Funding and credit markets are opening but still tight. The bar has been raised because too many people are chasing too few available dollars.
The venture capital sector has consolidated. Over 80% of current focus is on technology, software and medical. Under 20% goes to the consumer sector.
It is important to target VCs who specialize in your technology, market and business model.
Research current VC portfolios.
Angels now act more like VCs – particularly structured angel groups.
Initial investments are typically under $1 million.
If you have a technology, investigate the grant world – e.g., NIH or DARPA. These organizations fund research, but not marketing, etc.
Look for specific programs or RFPs that align with your technology.
Target your grant request toward prototype development and studies.
Search LinkedIn for military people who can introduce you to contacts within programs like DARPA.
Investigate SBA Grants, and foundations with an interest in your technology or application.

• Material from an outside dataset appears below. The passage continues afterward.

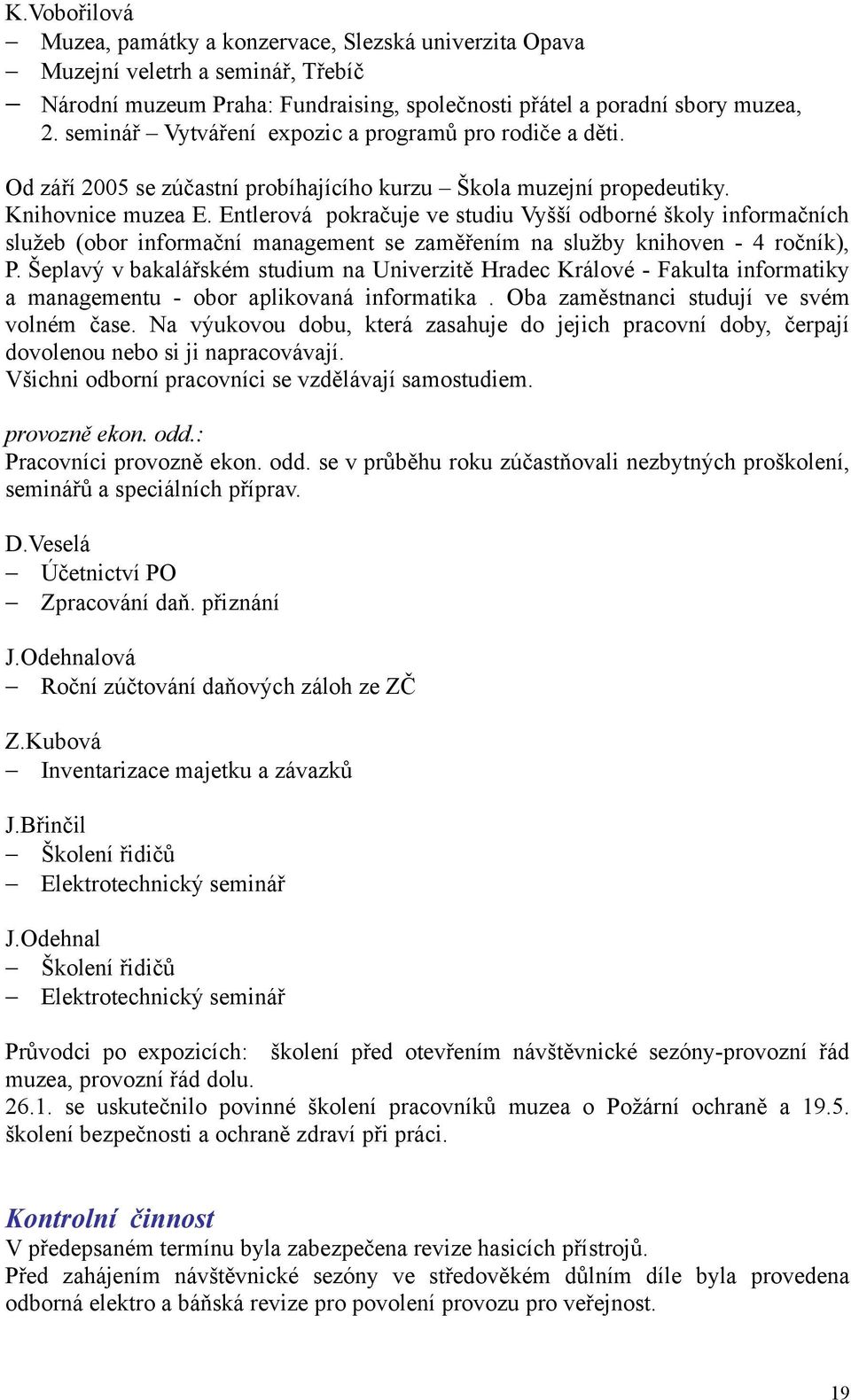 Entlerová pokračuje ve studiu Vyšší odborné školy informačních služeb (obor informační management se zaměřením na služby knihoven - 4 ročník), P.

Foundations sometimes will grant funds ($100k) to support the work of individual scientists and researchers.
Call on friends and family who believe in you and your work.
Whoever you approach, these rules apply:
Do your homework. Choose sources that align with your project and profile.
Presentations must be crisp and easily understood. Investing in professional assistance is wise.
Be able to make your case in 15 minutes or less. The first minutes are most crucial, so have your ‘elevator’ pitch perfected.
Your model and financials must support a high multiple exit, 5-10x their investment in a reasonable period of time (~5 years).
Team, Team, Team – credentials, experience, presentation – be a team with whom the investor can work.